Hi does anyone know anything about the furnishing allowance? I am considering renting a property and not getting company housing but does anyone know if that means I cant claim furnishing allowance for an unfurnished apartment?


----------



## rsinner (Feb 3, 2009)

there is no legal term called furnishing allowance - meaning that every company may have a different policy. So you need to ask your HR.
Most likely, furnishing allowance = one time allowance probably on a reimbursement basis to furnish (buy stuff like beds, sofa, etc) up to a certain limit.
So if you rent a furnished place, you don't need to furnish it, and most likely you may not get this. OR, if your company just gives a lump sum, then you may get it.


----------



## BedouGirl (Sep 15, 2011)

rsinner said:


> there is no legal term called furnishing allowance - meaning that every company may have a different policy. So you need to ask your HR. Most likely, furnishing allowance = one time allowance probably on a reimbursement basis to furnish (buy stuff like beds, sofa, etc) up to a certain limit. So if you rent a furnished place, you don't need to furnish it, and most likely you may not get this. OR, if your company just gives a lump sum, then you may get it.

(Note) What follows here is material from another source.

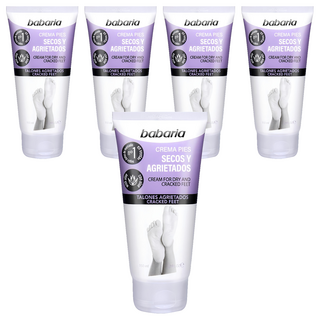 babaria 足部乾燥龜裂護理霜, 尿素配方 舒緩乾燥和敏感肌膚, 軟化角質 深層滲透 有效滋潤, 修護龜裂腳跟, 150ml, 1條, 5件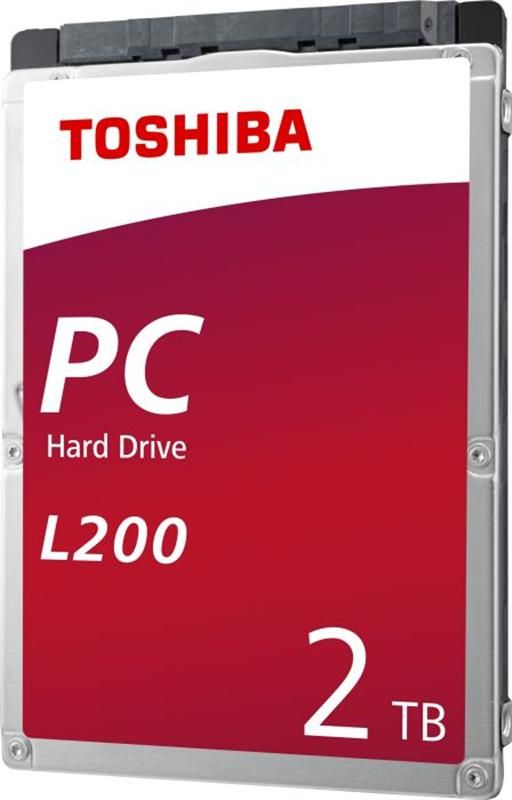 Накопичувач HDD 2.5" SATA 2.0TB Toshiba L200 5400rpm 128MB (HDWL120EZSTA)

And you may have to pay it back.


----------



## TallyHo (Aug 21, 2011)

I don't know what your personal situation is but the consensus over the years is to always take the housing provided by Emirates. Once you opt out, you can't later ask for housing. 

It means that you're protected from rent increases, evictions and bad landlords. In Emirates housing everything is taken care of by Emirates. 



evaunwill said:


> Hi does anyone know anything about the furnishing allowance? I am considering renting a property and not getting company housing but does anyone know if that means I cant claim furnishing allowance for an unfurnished apartment?


----------



## evaunwill (Jul 1, 2014)

We are entitled to an apartment with Emirates.. I have 2 children and not sure how I feel about having them in an apartment would prefer a villa. We get 162k aed housing allowance. Does anyone know what sort of apartment a family would get?? I dont like the idea of being stuck in a block that might be noisy.


----------



## KaChow (Jul 18, 2015)

evaunwill said:


> We are entitled to an apartment with Emirates.. I have 2 children and not sure how I feel about having them in an apartment would prefer a villa. We get 162k aed housing allowance. Does anyone know what sort of apartment a family would get?? I dont like the idea of being stuck in a block that might be noisy.


I was in the same situation as you. That's a quite generous housing allowance. I think you can get a nice type 2M (with a maids room and backyard) in Springs for about 180K. Clsoe to community pools and park.

I also have 2 little kids and wouldn't want to put them in an apartment. We've been in company housing (apartment) for the last few weeks and everytime we go to a villa with a backyard, they don't want to get inside the house.


----------



## evaunwill (Jul 1, 2014)

Thanks I think Iv made my mind up to rent


----------